Les dirigeants du Barça ne semblent pas se rendre compte qu’il faut absolument renforcer le secteur clé du jeu de l’équipe. D’autant qu’avec Ernesto Valverde sur le banc, le jeu du Barça a pour ambition de se rapprocher de la philosophie de Guardiola et de s’éloigner de celle de Luis Enrique. Le symbole d’engager un joueur du profil de Paulinho comme première recrue post-Neymar est déroutant. Toutefois, le président Josep María Bartomeu et le directeur sportif Robert Fernandez ne perdent pas de vue l’objectif de remplacer Neymar par un joueur pétillant et futuriste, comme Ousmane Dembélé ou Philippe Coutinho.

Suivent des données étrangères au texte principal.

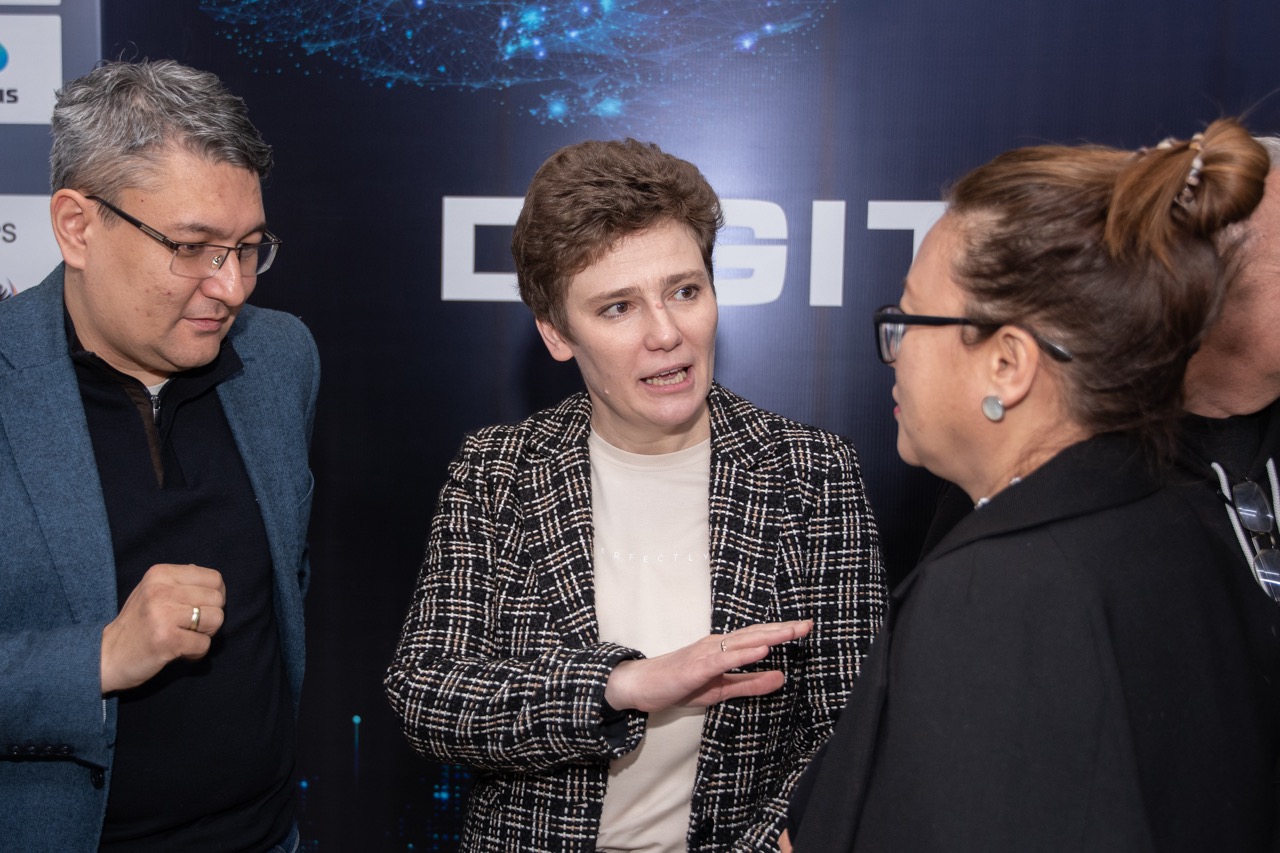 Professionals networking at Digital event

Entraînements ratés et prix qui montent
L’ancien ailier du Stade rennais est le premier choix pour succéder à Neymar. Mais le Borussia Dortmund ne semble pas prêt à brader sa perle. Dembélé, ravi de l’intérêt du Barça, a donné un signal de malaise en ratant un entraînement la semaine passée. Le club allemand, qui a sanctionné ce comportement d’une amende, est conscient de l’épaisseur du portefeuille catalan et compte bien récupérer une partie des 222 millions d’euros récupérés grâce à Neymar. On parle aujourd’hui de 100 millions plus des bonus.

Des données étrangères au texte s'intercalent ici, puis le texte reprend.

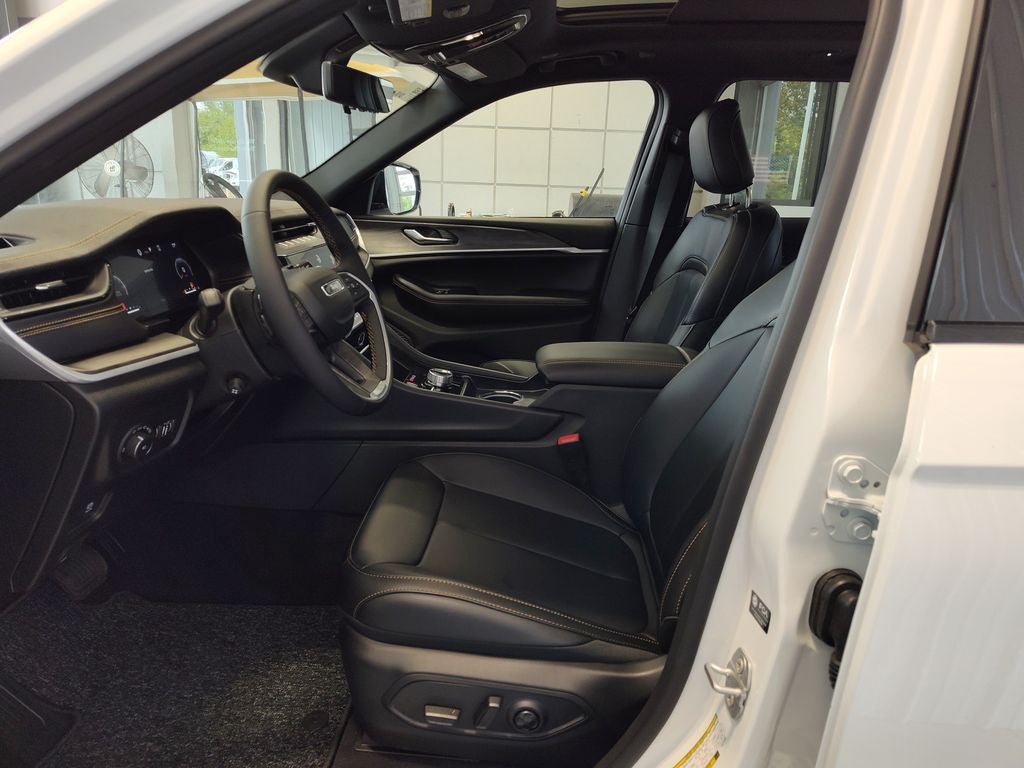2026 Jeep Grand Cherokee 85th Anniversary Edition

La piste menant à Coutinho, qui aurait déjà trouvé un accord avec le Barça, fait également sens. Le joueur de Liverpool, même nationalité et même âge que Neymar (25 ans), présente – au-delà de son talent évident – l’avantage de la polyvalence, puisqu’il peut autant remplacer Iniesta au milieu de terrain qu’agir en tant qu’ailier gauche. Pour l’instant, rien ne bouge, mais Coutinho n’a pas joué le dernier match face à Watford (3-3) pour un mal de dos, et Jürgen Klopp ne l’a pas retenu pour le barrage de Ligue des champions que les Reds disputent ce mardi soir à Hoffenheim. Une manière de faire comprendre qu’il n’a pas besoin d’attendre son départ en Espagne pour composer sans lui.

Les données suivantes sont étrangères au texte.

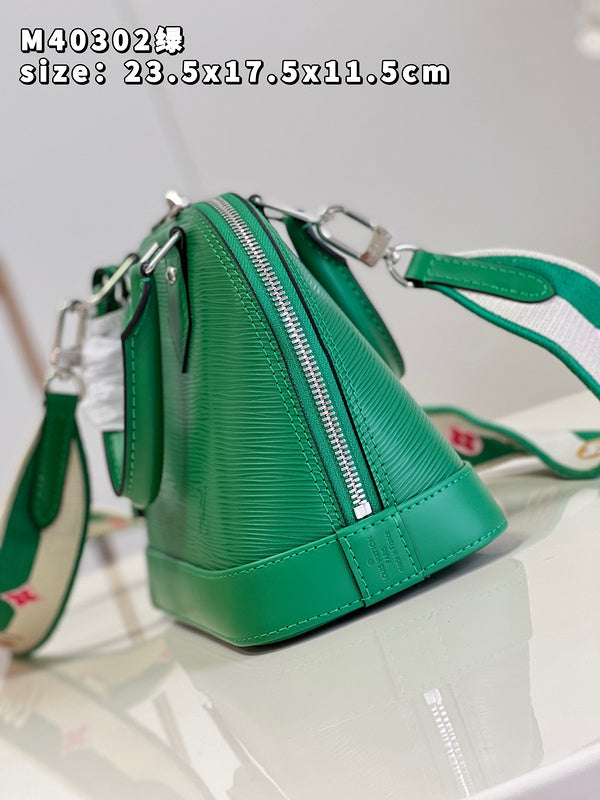 LOV - Luxurious Totes - 913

Dans les cas Dembélé comme Coutinho, le Barça attend en sachant que plus les aiguilles tournent, plus le prix augmente. À une époque où le FC Barcelone a déploré le comportement de Neymar et de son entourage, il est en passe d’oublier que cette attitude qui semblait lui tenir à cœur est la même chez Ousmane Dembélé et Philippe Coutinho, encore un peu plus habiles dans l’exercice du bras de fer. Le Barça est en train de tourner une page et, en recrutant des joueurs qui ont déjà éclos au grand jour, confirment qu’il s’appuie de moins en moins sur la cantera. Dans ce tableau sombre où gronde l’incertitude, Lionel Messi, qui a renouvelé son contrat jusqu’en 2021, apparaît comme la seule éclaircie. Seulement si on oublie que l’Argentin a 30 ans et que le temps finira lui aussi par l’avoir.